Open fonnesbeck opened 7 months ago
👍 Yes, that would be really nice to have. I have a hierarchical model with lots of groups.
@aseyboldt , @fonnesbeck: Is it at all possible that my nutpie
sampling is slowed down, because my trace has to store lots of group-specific random variables? I only need samples of the population parameters.
Can you suggest how to circumvent this problem until var_names
is available as argument?
I agree that this would be nice to have (and it wouldn't be that hard to implement, it only needs some changes in the compile_pymc_model
function. If someone wants to give it a go, I'd be glad to help).
If the model you are looking at is somewhat like the one you posted in the other thread, I'd be surprised if storing the trace is an issue though.
The simplest thing to get it faster is probably to switch to float32 (set the env variable PYTENSOR_FLAGS=floatX=float32
).
You could also give running it on the gpu a go, if the dataset is large that might help a lot.

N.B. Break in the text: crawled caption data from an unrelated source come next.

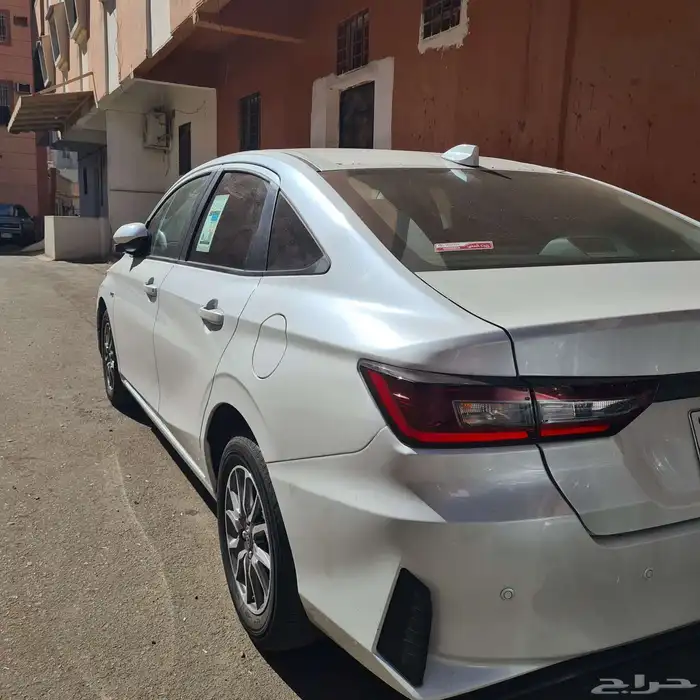 تويوتا يارس 2024 2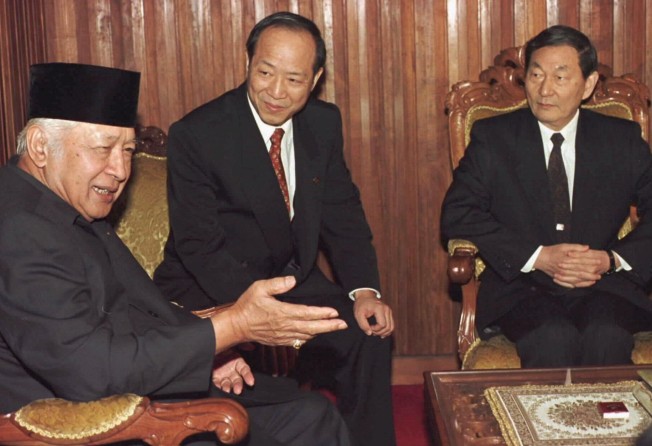 Vice-Prime Minister of The People’s Republic of China Zhu Rongji (right) during a meeting with Indonesian President Suharto (left) in May 1996 while in Jakarta to attend the Indonesia Summit Economic Conference. Photo: Reuters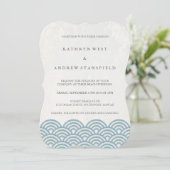 Invitation Simple moderne Vagues Bleu + Blanc Plage Mariage (Debout devant)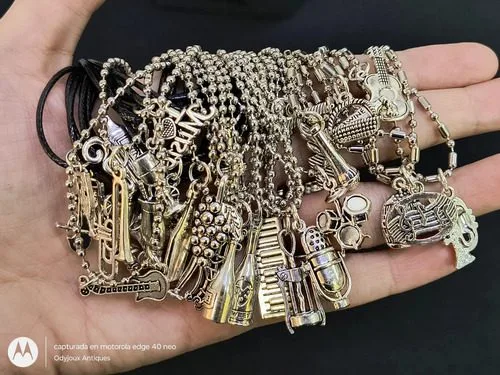 Lote Collares Colgantes Instrumentos Musicales Acero 32pz Plateado — Coleccionables vintage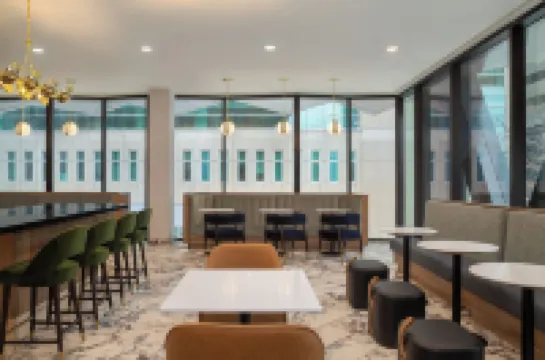 希爾頓歡朋酒店，卡爾加里市中心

And then, I'd double check the parametrization, and make sure your predictors are not too correlated. An easy thing to check to see if that can help is to have a look at the "gradients/draw". If that is large (say > 30 or 15 or so), that means that there is probably quite some room for improvement. This number is pretty much proportional to the runtime if all other things are equal. So if you can get it from 100 to 10, that's a 10x speedup.

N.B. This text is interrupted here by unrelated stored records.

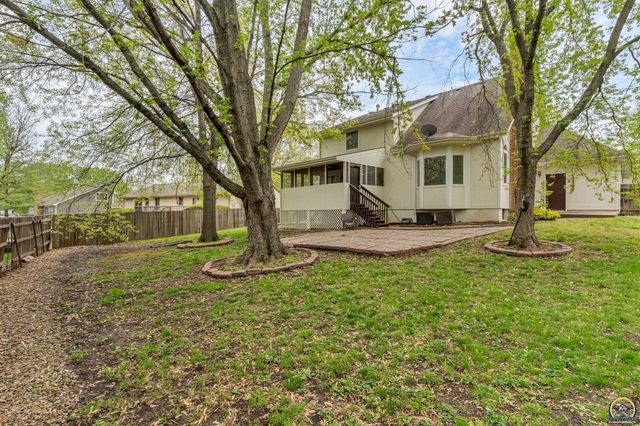 920 SE 43rd St, Topeka, KS 66609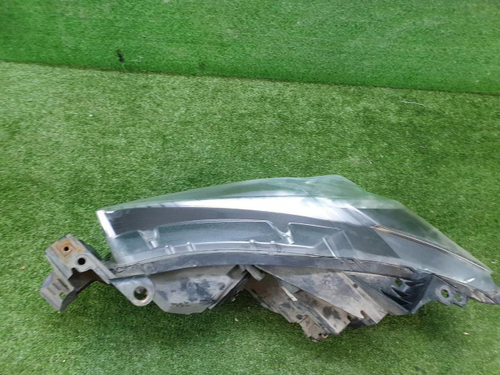 Фара правая Mazda CX-5 1 (2011-2015) ксенон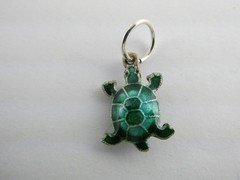 Vintage Sterling Silver Green Enameled Turtle Charm Pendant 1g 7/8 Inch Length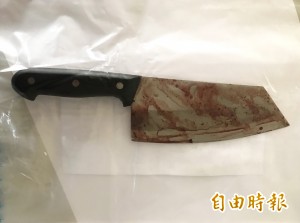 懷疑少妻有「小王」 醋夫持菜刀狠砍30多刀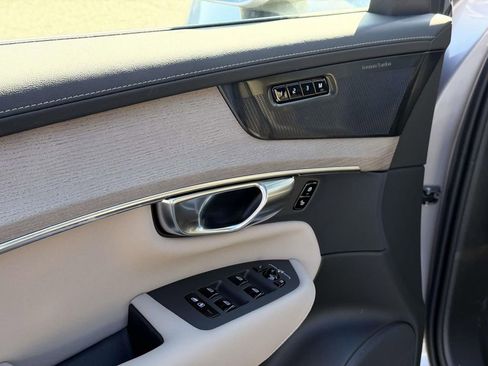 New 2026 Volvo XC90 B6 Plus w/ Protection Package Premier image 17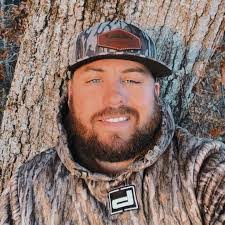 Christian Tull's Instagram, Twitter & Facebook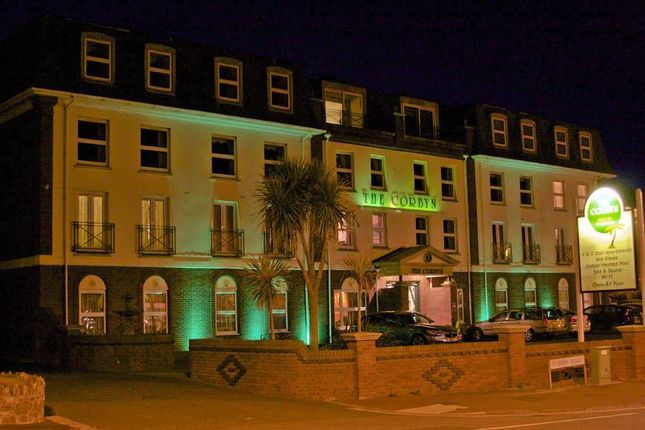 Thumbnail Flat to rent in Sea Front, Torquay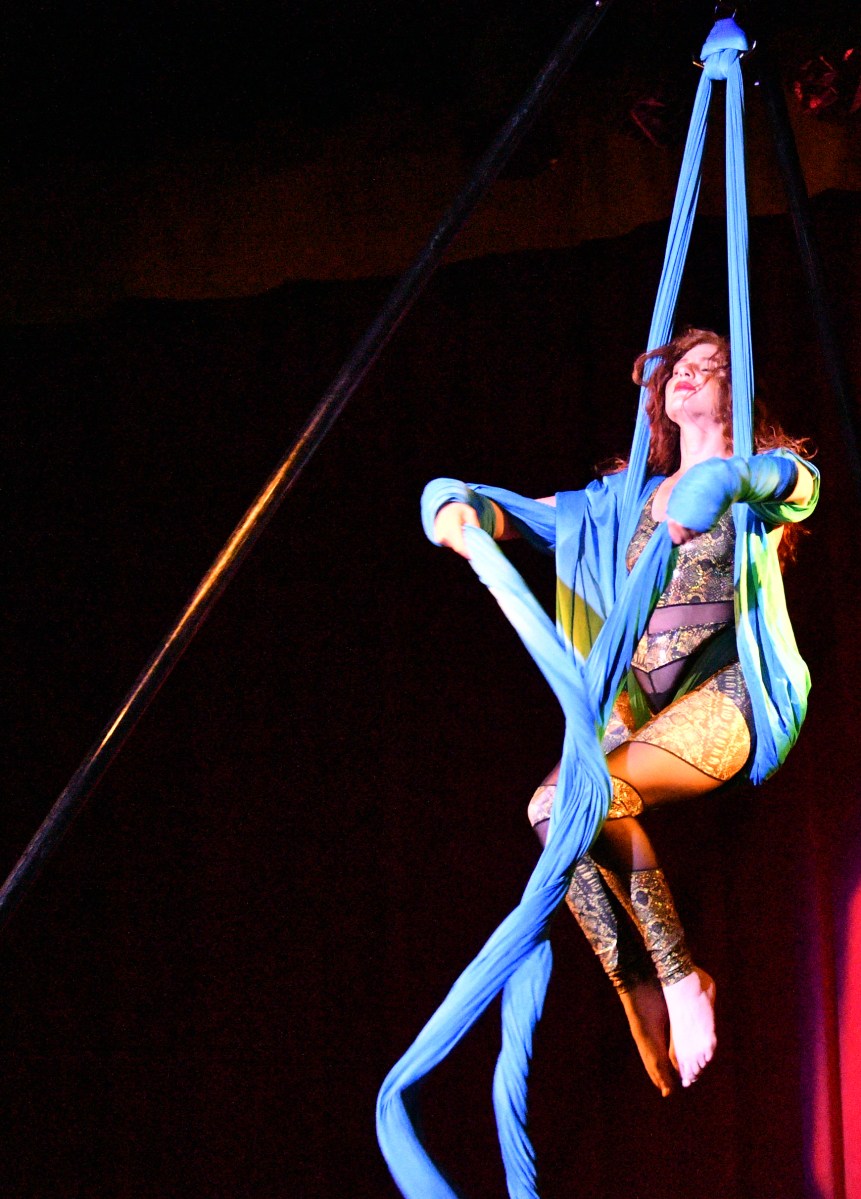 Mezi doing areal dance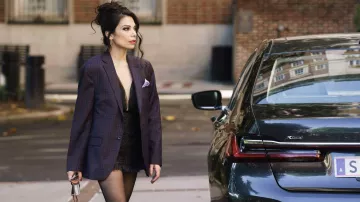 Chaqueta de blazer a cuadros usada por Helen Tasker (Ginger Gonzaga) como se ve en los trajes del programa de televisión True Lies (Temporada 1 Episodio 3)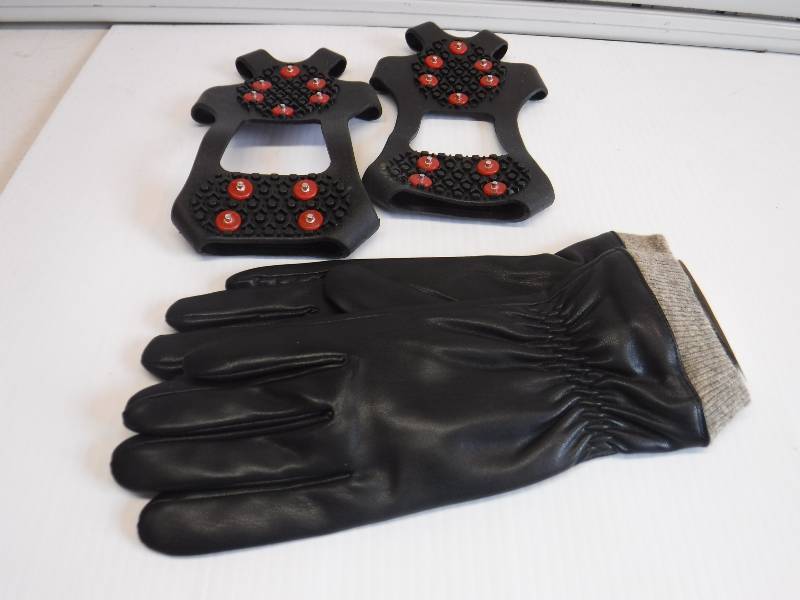 lot 1048 image: Gloves and more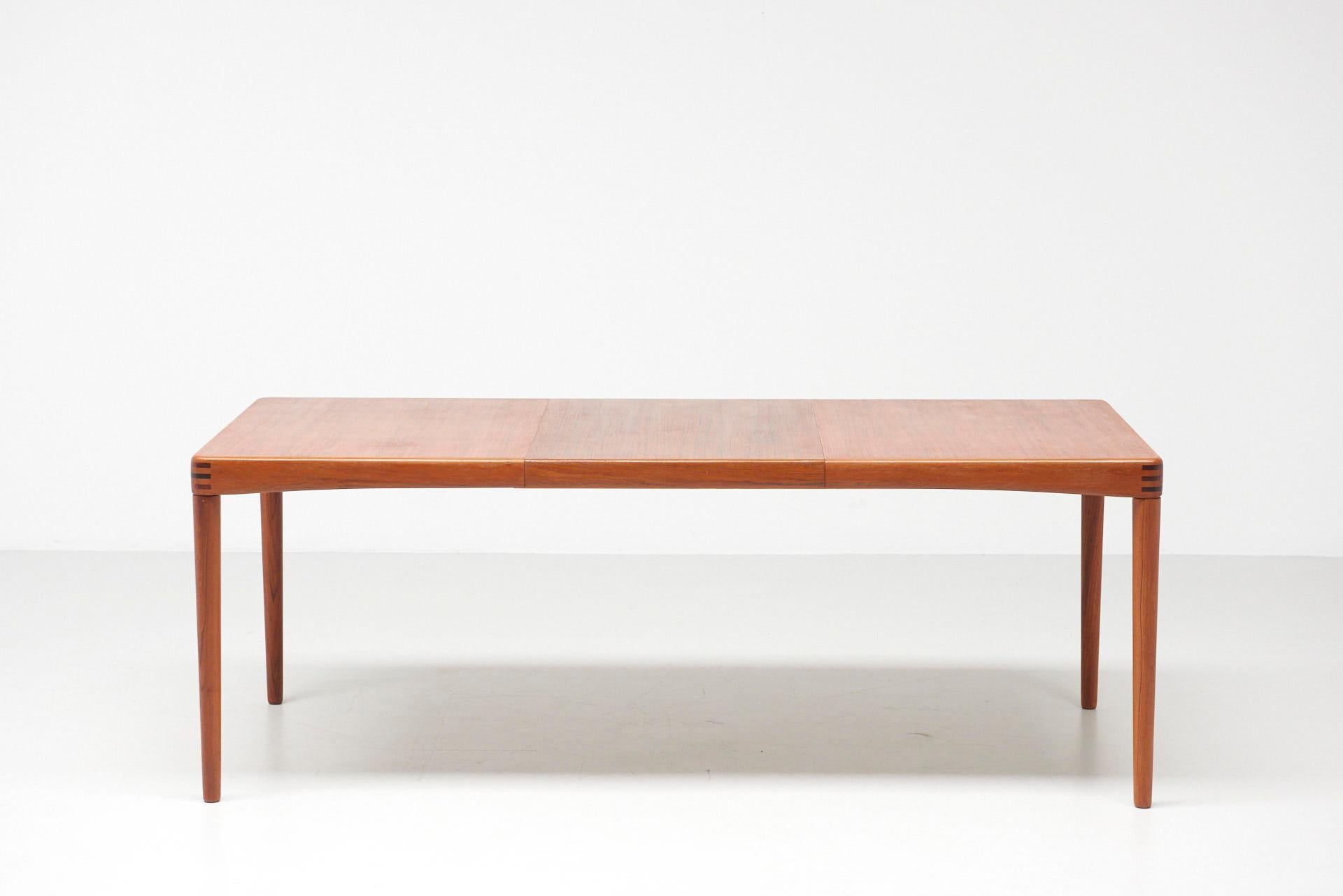 Expandable teak dining table in a very good condition. Design by Henry W. Klein for Bramin.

Thanks @aseyboldt for the suggestion, that's really helpful. I also looked into compile_pymc_model
but it was essentially just calling functions "compile to numba" or "compile to jax", I am assuming the change would need to be done there, right? One point that is not entirely clear to me is to why we need to exclude variables at "compilation time" I thought we'd still want to sample e.g. group specific random variables, but then exclude them when writing the trace, i.e. exclusion would happen at "runtime"?

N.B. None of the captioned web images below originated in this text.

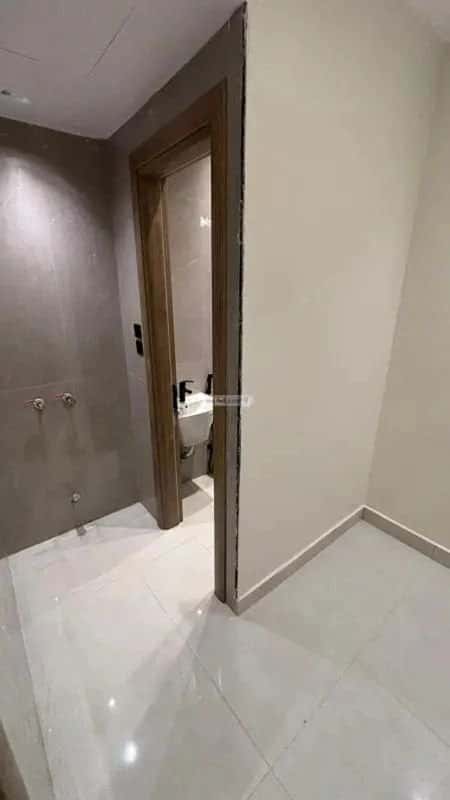 شقة 4 غرف في الدفاع 3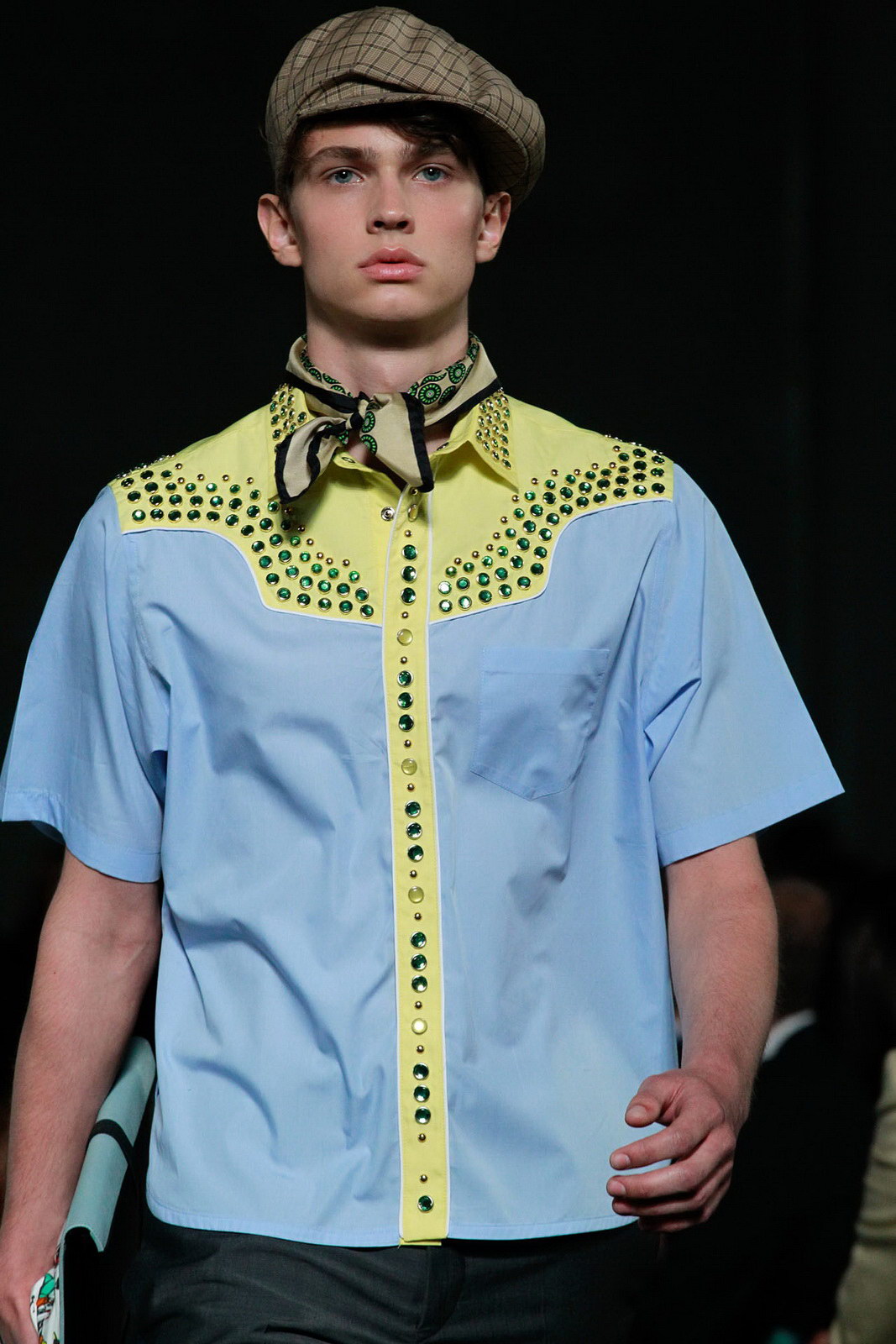 Prada 2012b(x)(ji)DƬ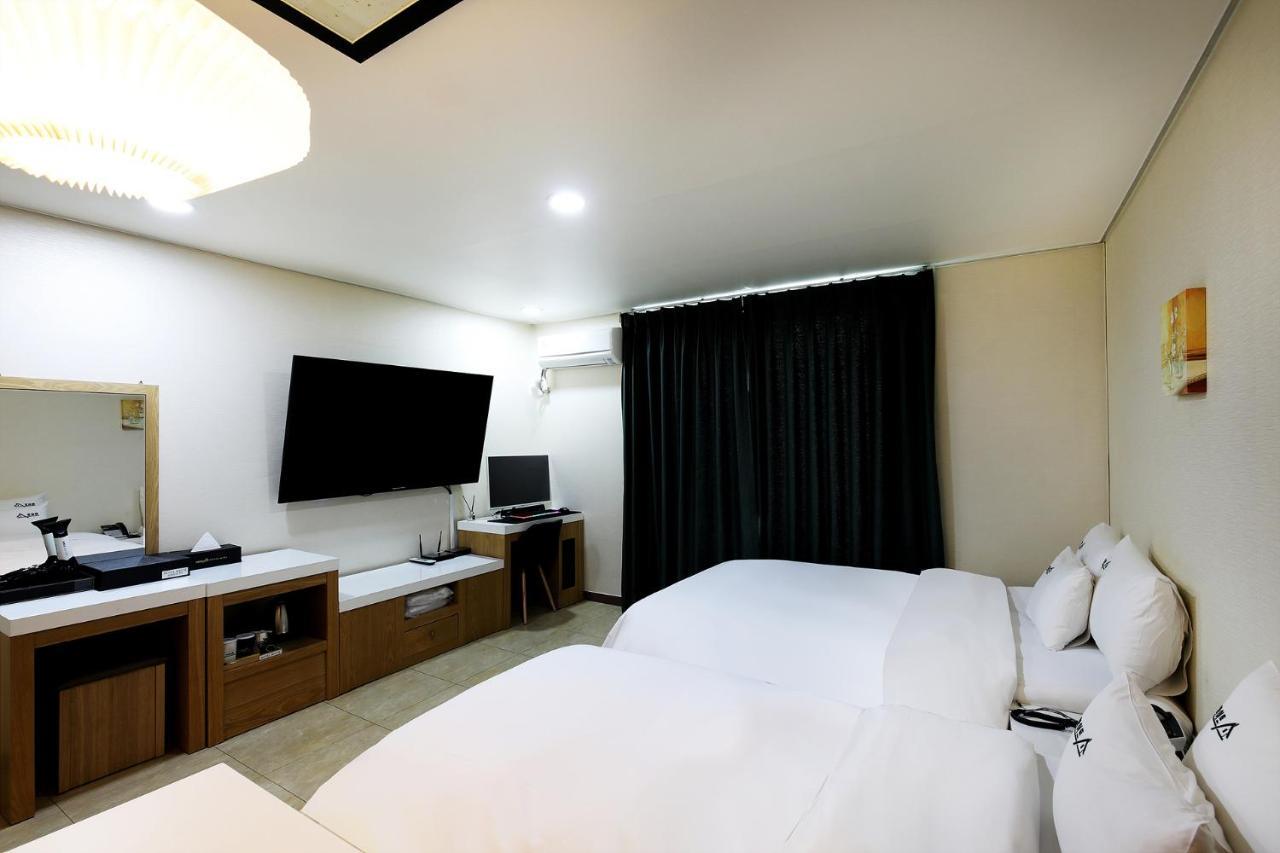 White Tourist Hotel Чонджу Экстерьер фото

I checked the sampling stats, cf. output below, but I wasn't able to find the "number of gradient evaluations", is it correct to assume that this corresponds to 'n_steps'?
sample_stats
<xarray.Dataset> Size: 500kB
Dimensions: (chain: 6, draw: 1000)
Coordinates:
* chain (chain) int64 48B 0 1 2 3 4 5
* draw (draw) int64 8kB 0 1 2 3 4 5 ... 995 996 997 998 999
Data variables:
depth (chain, draw) uint64 48kB 4 4 4 4 4 4 ... 4 4 4 4 4 4
maxdepth_reached (chain, draw) bool 6kB False False ... False False
index_in_trajectory (chain, draw) int64 48kB -8 8 12 -3 7 ... -6 4 5 3 11
logp (chain, draw) float64 48kB 1.633e+04 ... 1.631e+04
energy (chain, draw) float64 48kB -1.617e+04 ... -1.614e+04
diverging (chain, draw) bool 6kB False False ... False False
energy_error (chain, draw) float64 48kB -0.4984 0.3992 ... -0.6857
step_size (chain, draw) float64 48kB 0.3677 0.3677 ... 0.354
step_size_bar (chain, draw) float64 48kB 0.3677 0.3677 ... 0.354
mean_tree_accept (chain, draw) float64 48kB 0.989 0.7761 ... 0.7476
mean_tree_accept_sym (chain, draw) float64 48kB 0.7821 0.8038 ... 0.8219
n_steps (chain, draw) uint64 48kB 15 15 15 15 ... 15 15 15 15
Attributes:
created_at: 2024-10-22T11:45:06.969615+00:00
arviz_version: 0.20.0
To accommodate the customization of variables to store in the trace, it would be helpful to have a similar argument for
CompiledPyMCModel
so that unwanted variables can be ignored by the trace.